Electric heating serves as the furnace heat source. To improve temperature control, the system uses a primary control thermocouple near the effective work zone and equips each heating zone with a tracking thermocouple. It then adjusts zone power output based on both the master and zone thermocouple readings, so the effective chamber maintains uniform temperature. As a result, TUS results show that temperature uniformity within the φ2500 mm × 2700 mm effective space stays within ±5 °C. The figure below presents the measured TUS results for the FPQ250270 furnace.

Carbon-potential control
A nitrogen-based atmosphere of nitrogen and methanol supports furnace control. To ensure higher accuracy, the system combines an oxygen probe with an infrared analyzer for dual-loop monitoring. The oxygen probe measures oxygen partial pressure in the furnace, while the infrared analyzer tracks CO in real time. Then, the PT700 carbon controller calculates the carbon potential continuously for precise control. In addition, the infrared analyzer can also measure CO₂ at any time to calibrate the oxygen probe.
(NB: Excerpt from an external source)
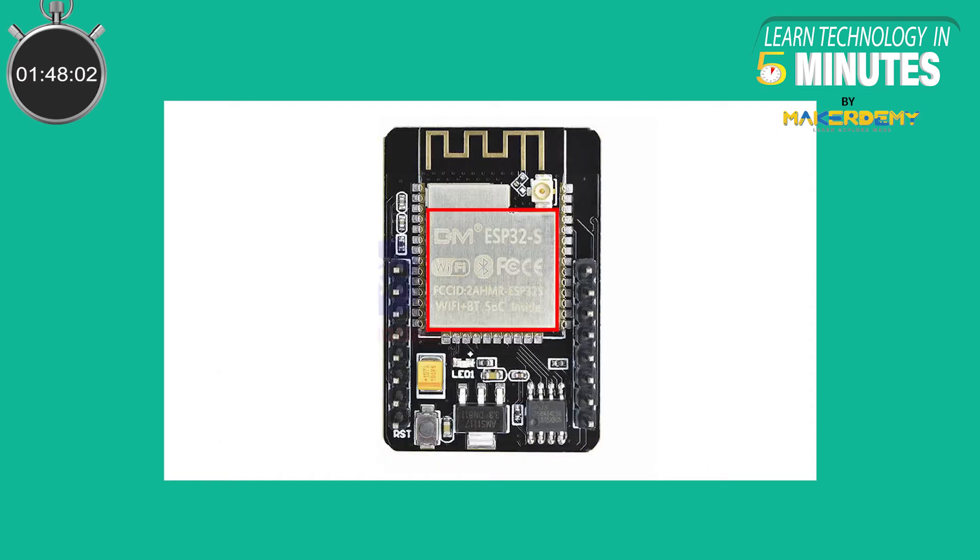Now if you turn over the board, you will see the ESP32 chip enclosed in its housing. It also has a connector for an external antenna as well as an internal antenna that is etched onto the circuit board. It also has a reset switch, a voltage regulator IC, an LED, and an external PS RAM to facilitate the high RAM requirements for camera capabilities.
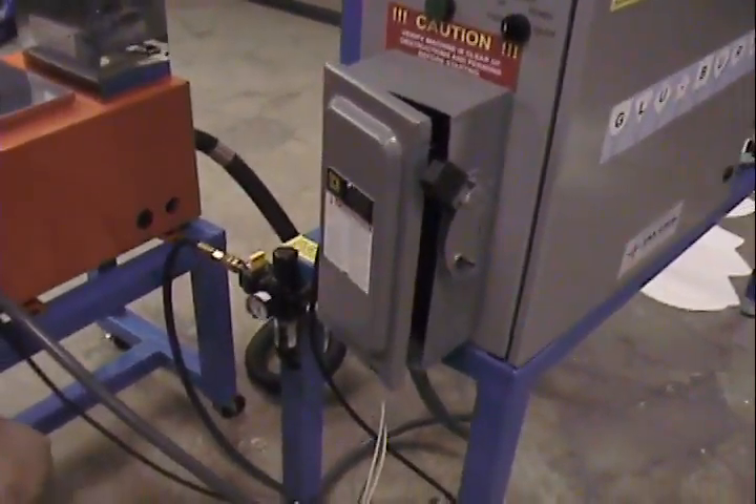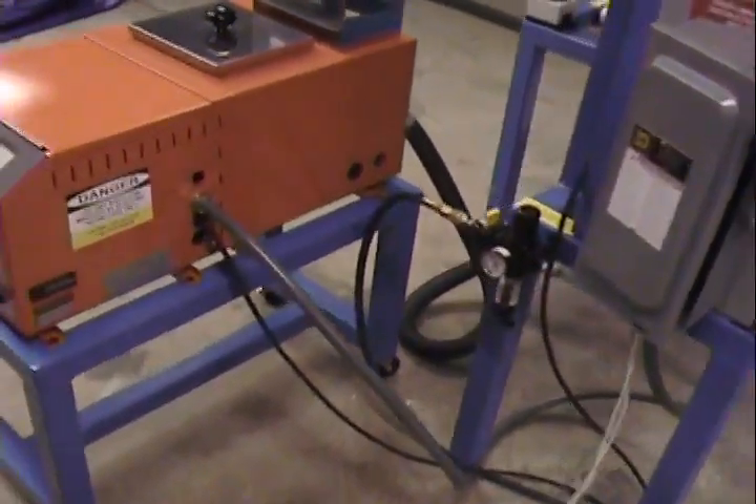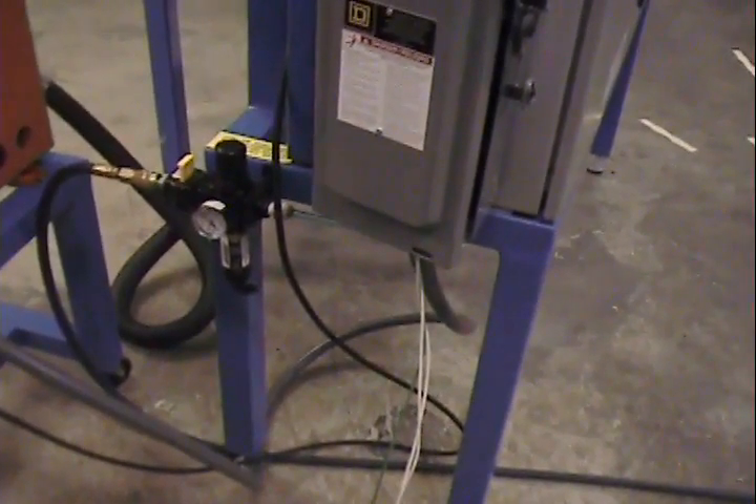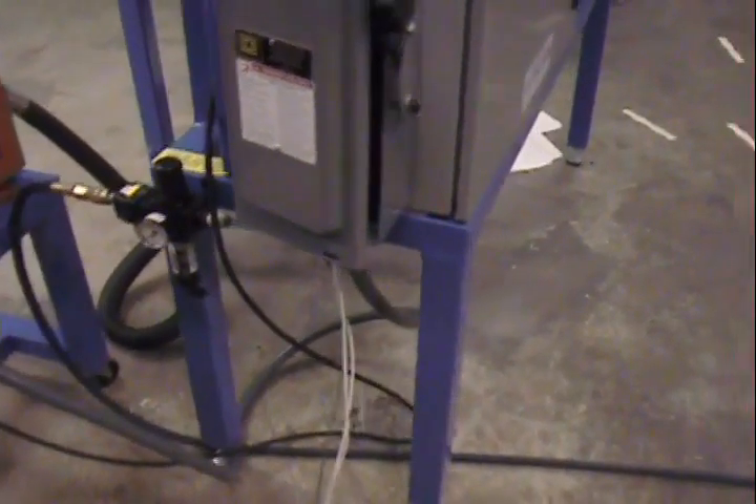Next step is to turn off the power to the glue machine. Next step, cut off air, and then last, cut off the main power.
Product: Wind-turbine gear
Material: CrNiMo7-6
Heat-treatment requirements: Surface hardness 58–62 HRC; effective case depth 2.5–3.8 mm.

Final results: Surface hardness 59–60 HRC; retained austenite ≤ 25%; carbide grade 1; effective case depth 3.1–3.3 mm — fully meeting customer requirements.

The large pit-type carburizing furnace can form a complete production line with a quench oil tank, slow-cooling pit, tempering furnace, and other supporting equipment according to user needs. As a result, the system offers high automation, precise temperature and carbon-potential control, strong safety and reliability, and better efficiency with lower energy consumption. In addition, it simplifies operation and maintenance while providing a long service life. Therefore, it supports the green, intelligent, and precise development of heat-treatment equipment and processes for wind-turbine gears.